Romualdo "Rambo" miał dobrać się do tyłka byłemu prezesowi, ale widać na razie PinoKKio może sobie spać spokojnie, razem ze swoją spółdzielnią. Być może jednak ostatnie działania świadczą o przygotowaniu OBSZERNEGO wniosku przeciwko brodaczowi, a być może jest to wielkie NIC a kara KNF jeszcze bardziej pogrąży spółkę. To jest okres budowania wiarygodności nowego prezesa.
zrozumcie to wreszcie ; Romuald nic, ale to nic nie uczyni przeciwko byłemu zarządowi, jest po prostu od nich w całości zależny, ten przekręt ma bardzo dobry scenariusz......

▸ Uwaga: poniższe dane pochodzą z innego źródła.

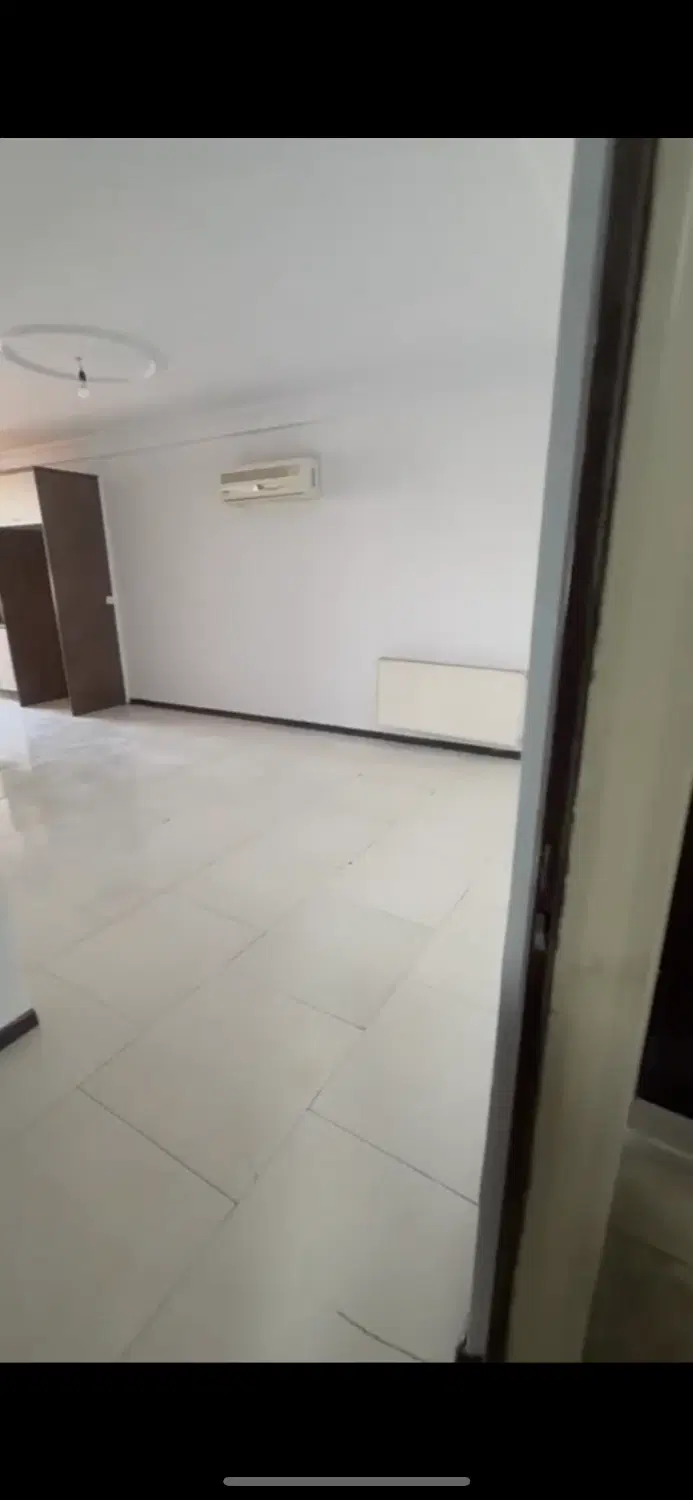 اپارتمان ۴۹ متری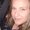 Photo of Carrie H.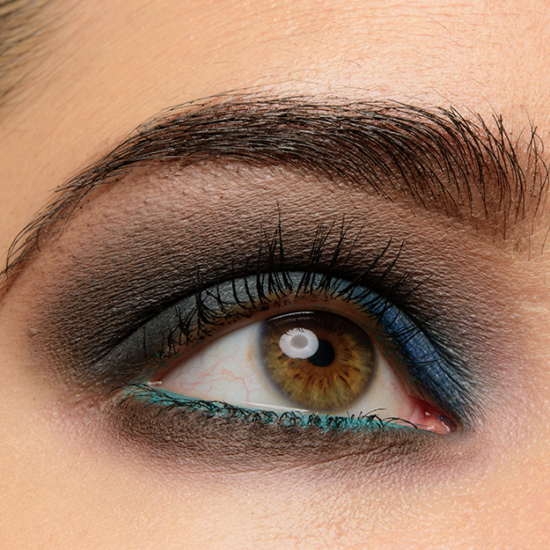 Chanel Clair-Obscur (308) Les 4 Ombres Multi-Effect Quadra Eyeshadow ...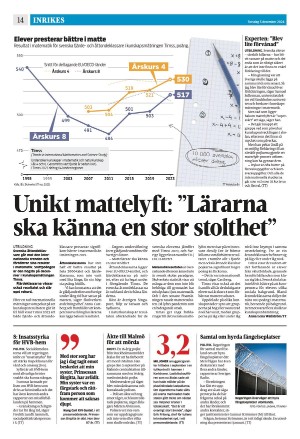 strengnastidning-20241205_000_00_00_014.pdf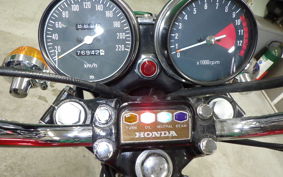 HONDA CB750 1999 CB750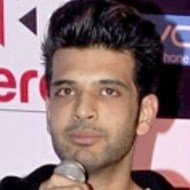 Karan Kundrra, 39 (電影演員)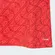Camisa Adidas Flamengo Uniforme 3 Torcedor Feminina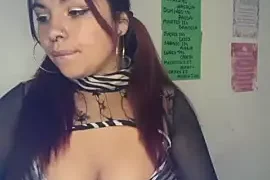cherrie_hot nude strip on webcam for live porn chat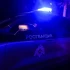 В Астрахани местный житель устроил погром у своих родственников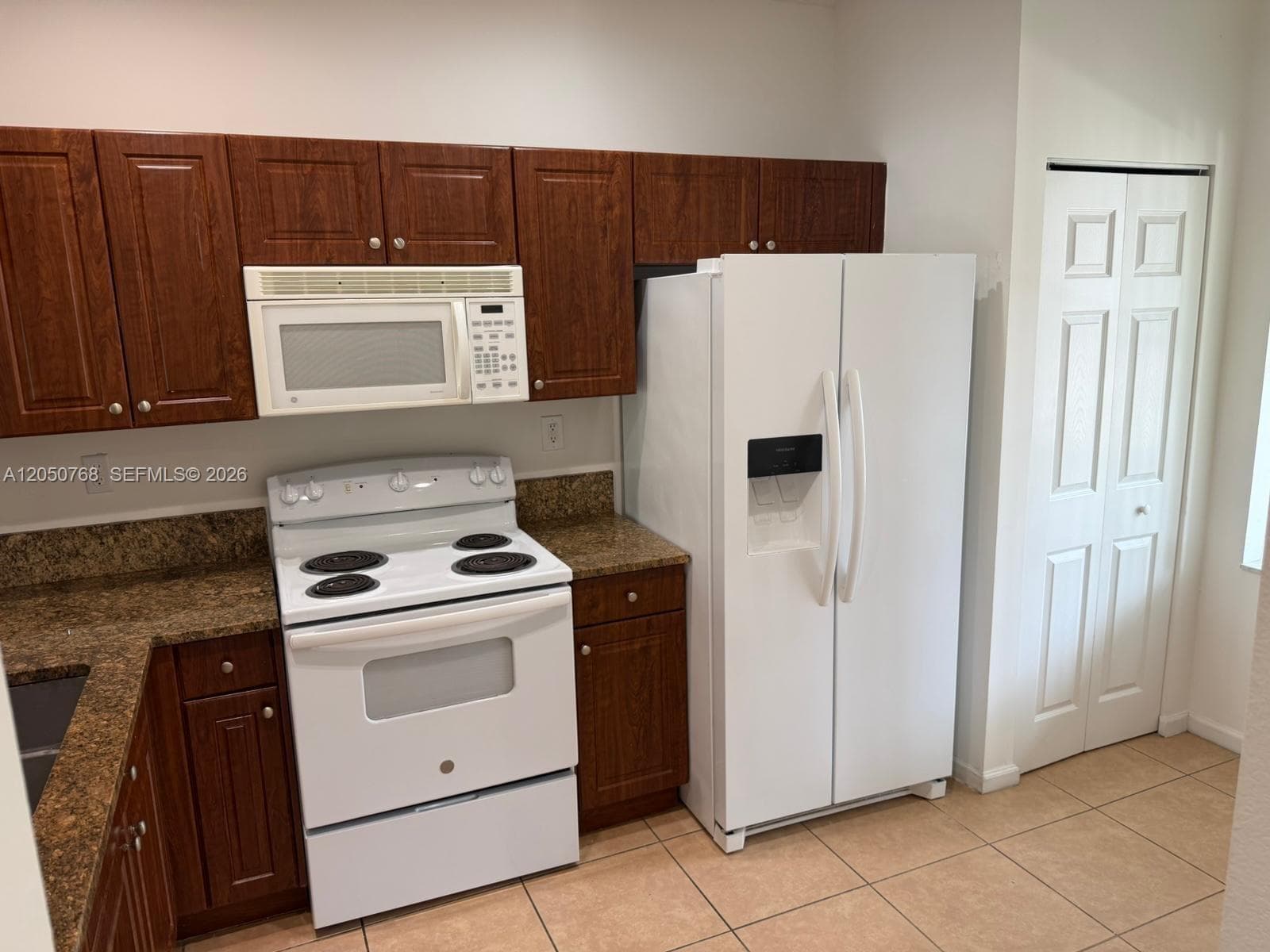 8250 SW 27th St # 104, Miramar, FL 33025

Były prezes spółki tak jak wszyscy prezesi polskich spółek odpoczywa na Karaibach , miejmy nadzieje że to był ostatni naciągacz na naszej giełdzie a swoją drogą rzadko można spotkać takiego tchórza i człowieka bez honoru mówię o Kliniewskim żeby nie było nieporozumień
Teoretycznie kiedyś można było złożyć skargę do pierwszego sekretarza , teraz do Pana Boga bo reszta tzn sądy , prokuratura i KNF ma nas głęboko w d.....pie
kiedyś pisałem do KNF w sprawie Kerdosu, w zasadzie działań PinoKKia, i NIC, kompletnie NIC przykładów jest wiele. Lepszy przykład to elektrim - to już wałek kompletny. A KNF nie widzi sprawy. Trzęsą portkami przed służbami. Państwo w państwie.